# About this task
Leave the images out. Give every line below again, precisely.

# Supplied data
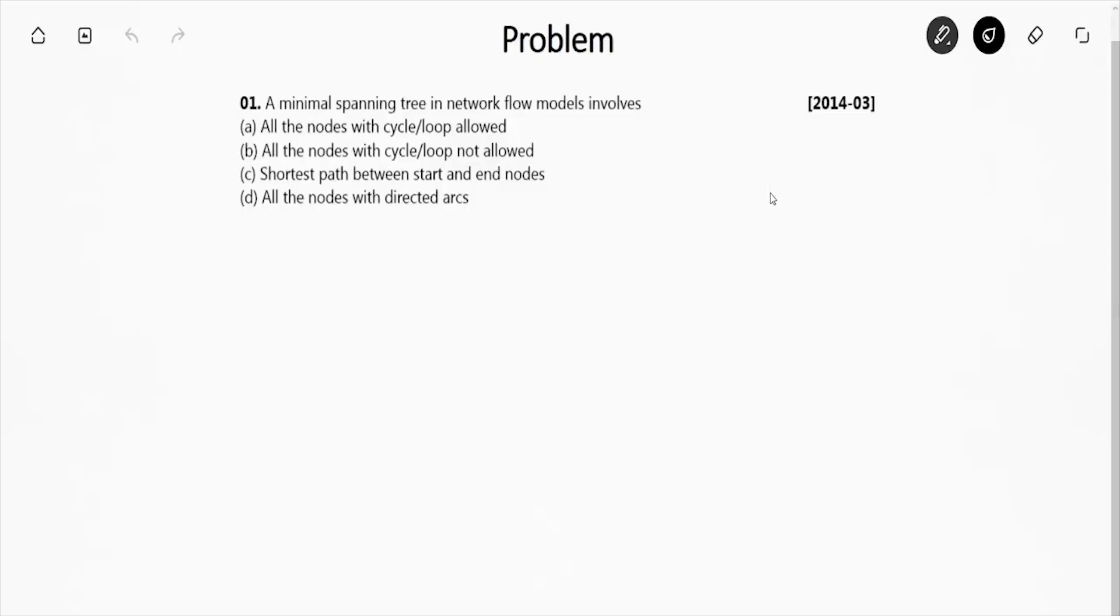Hello friends, in this video we are going to solve GATE previous year questions from the chapter Process Planning and Control of Industrial Engineering. This is a GATE question from the year 2014 set 3.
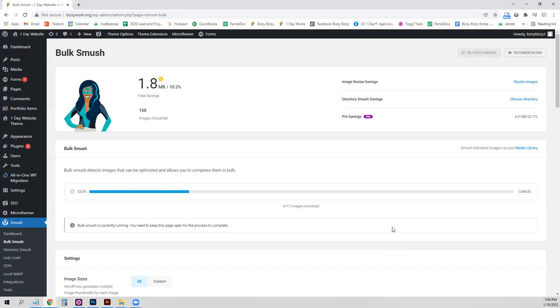They'll try to get you to upgrade to the Pro. It'll time out if you have a lot of images, but you can just hit Smush again and it'll keep going. So you don't need to upgrade.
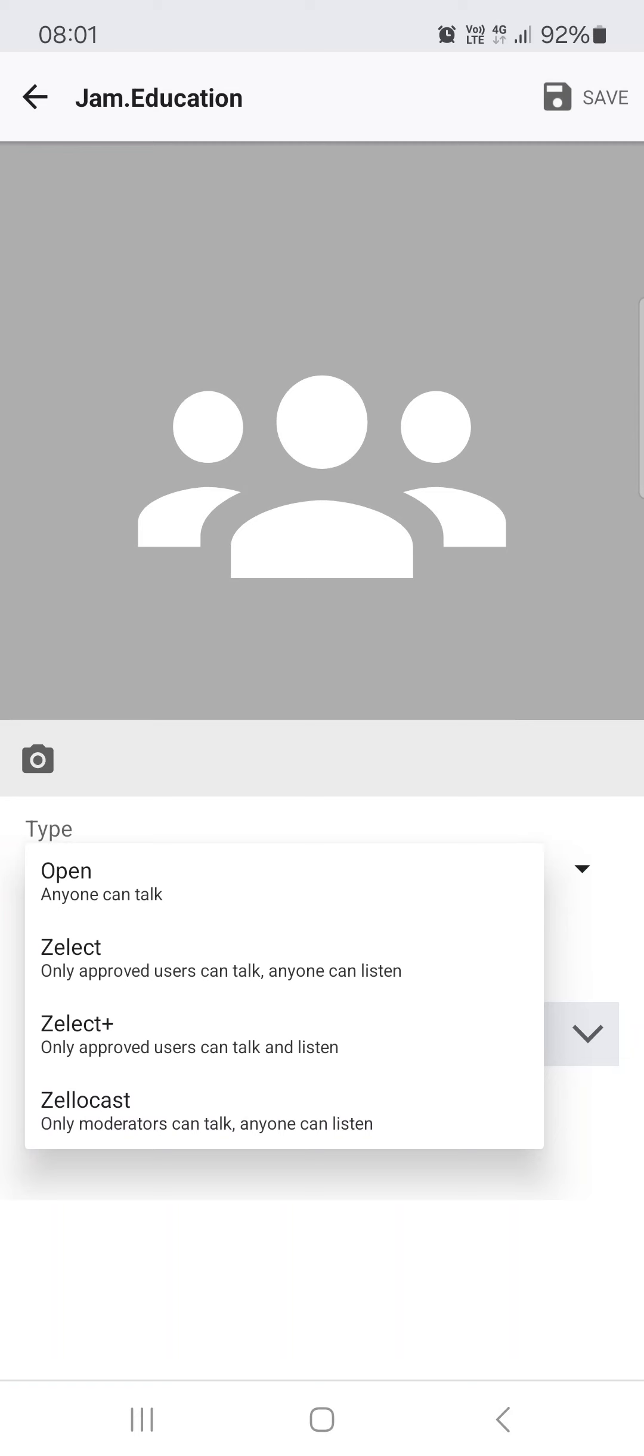We can have the channel as either open, select, select plus, or Zello cast. All of them have different kinds of limitations. For example, the Zello cast means that only the moderators can talk, but anyone can listen.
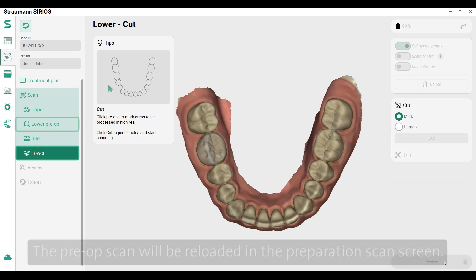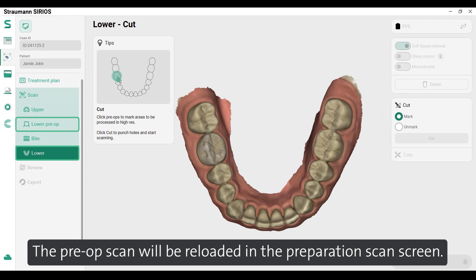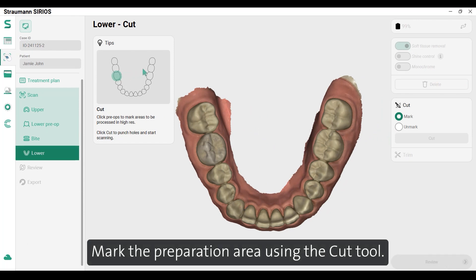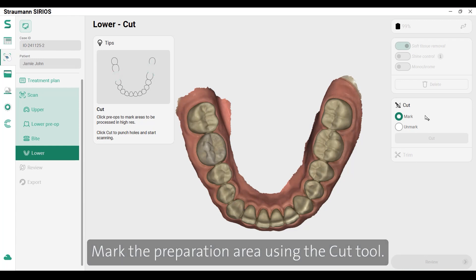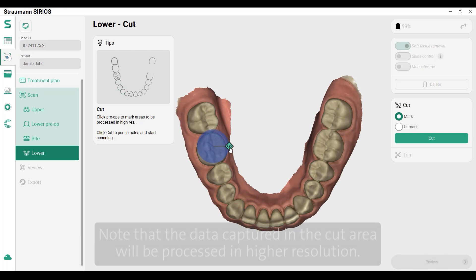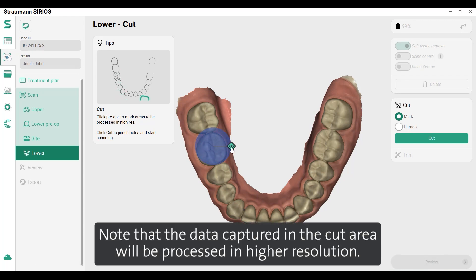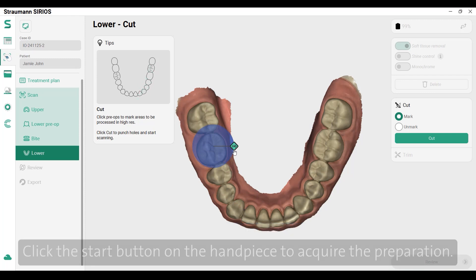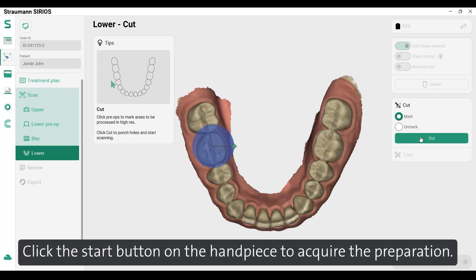The pre-op scan will be reloaded in the preparation scan screen. Mark the preparation area using the cut tool. You can enlarge the mark cylinder by using the green handle. Note that the data captured in the cut area will be processed in higher resolution. Click the start button on the handpiece to acquire the preparation.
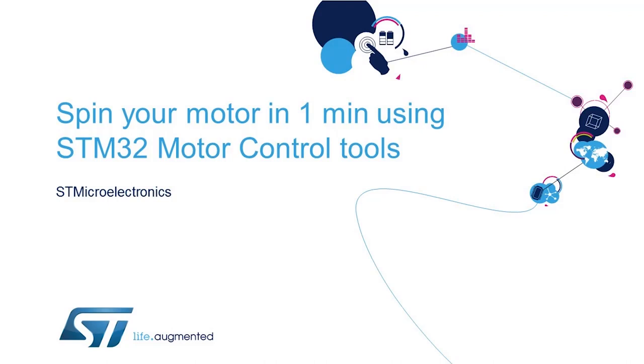Hello, my name is Greg Gumkowski, and I am a product marketing engineer at STMicroelectronics. In this video, I'm going to show you how to use the STM32 microcontroller motor control tools to quickly get your motor spinning.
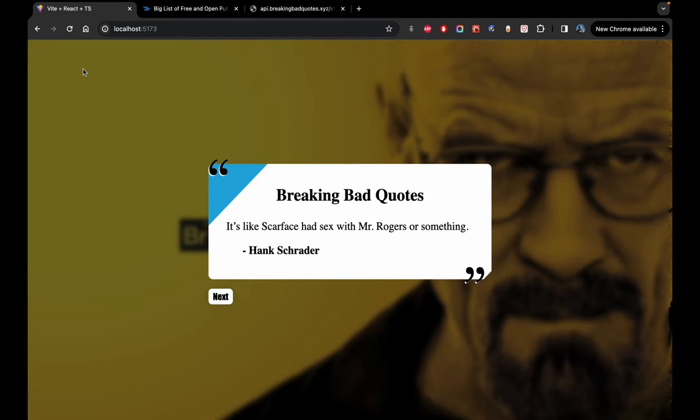Hey, what's up everyone, welcome back to TS Expert. Today we will be creating a quote generator which will fetch random quotes from an API. We'll be pulling in quotes from a fantastic open source API, injecting some wisdom and humor into our app. Whether you are a seasoned developer or just starting your coding journey, this video is for you. It's going to be a really beginner-friendly tutorial — we're going to create quotes for the Breaking Bad series.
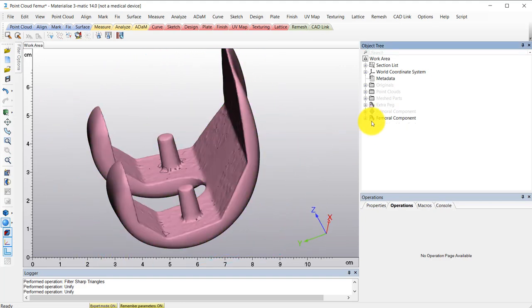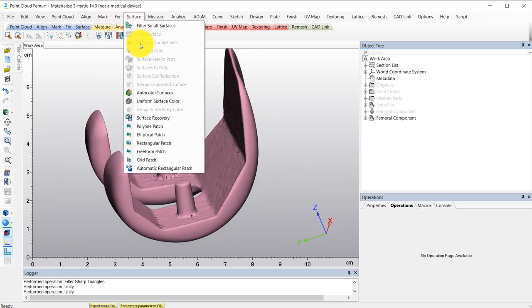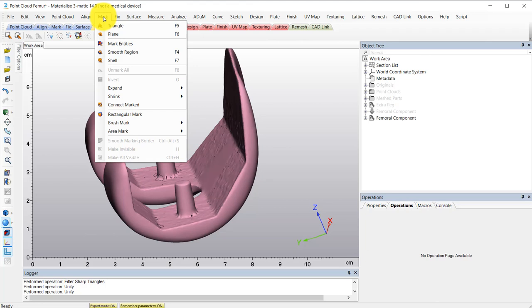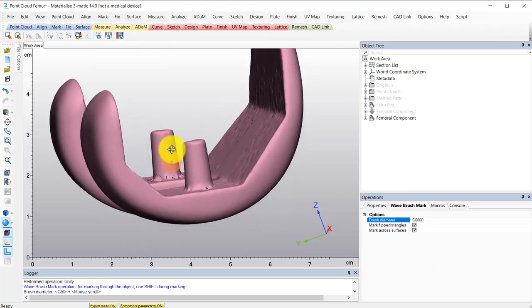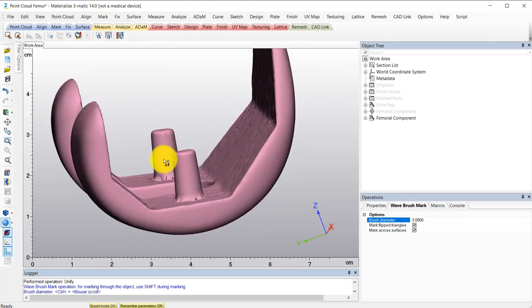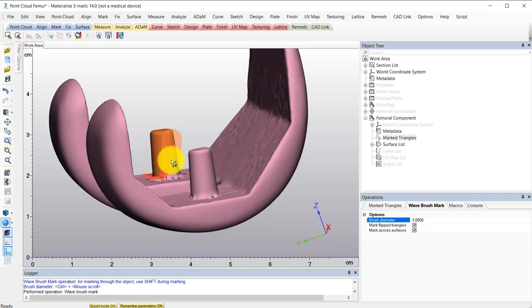The mark tools from the base module and the surface tools from the design module are a great help in separating surfaces that you can then design off of or use to your advantage. So I'll go ahead and mark this peg here.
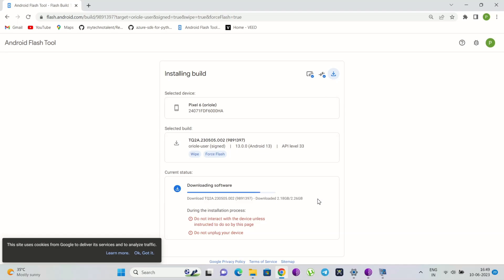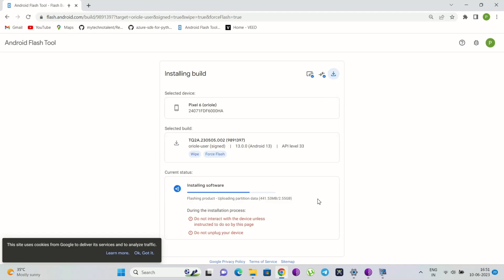After downloading, it will automatically start the installation process. Now do not disconnect your phone from the PC. As you can see, it has started the installation process and it will take 10 to 15 minutes, so be patient. Remember, the phone will restart automatically several times while installing the build.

# Reply
Hello friends, in this video we are going to solve GATE previous year questions from the chapter Process Planning and Control of Industrial Engineering. This is a GATE question from the year 2014 set 3.
They'll try to get you to upgrade to the Pro. It'll time out if you have a lot of images, but you can just hit Smush again and it'll keep going. So you don't need to upgrade.
We can have the channel as either open, select, select plus, or Zello cast. All of them have different kinds of limitations. For example, the Zello cast means that only the moderators can talk, but anyone can listen.
The pre-op scan will be reloaded in the preparation scan screen. Mark the preparation area using the cut tool. You can enlarge the mark cylinder by using the green handle. Note that the data captured in the cut area will be processed in higher resolution. Click the start button on the handpiece to acquire the preparation.
Hello, my name is Greg Gumkowski, and I am a product marketing engineer at STMicroelectronics. In this video, I'm going to show you how to use the STM32 microcontroller motor control tools to quickly get your motor spinning.
Hey, what's up everyone, welcome back to TS Expert. Today we will be creating a quote generator which will fetch random quotes from an API. We'll be pulling in quotes from a fantastic open source API, injecting some wisdom and humor into our app. Whether you are a seasoned developer or just starting your coding journey, this video is for you. It's going to be a really beginner-friendly tutorial — we're going to create quotes for the Breaking Bad series.
The mark tools from the base module and the surface tools from the design module are a great help in separating surfaces that you can then design off of or use to your advantage. So I'll go ahead and mark this peg here.
After downloading, it will automatically start the installation process. Now do not disconnect your phone from the PC. As you can see, it has started the installation process and it will take 10 to 15 minutes, so be patient. Remember, the phone will restart automatically several times while installing the build.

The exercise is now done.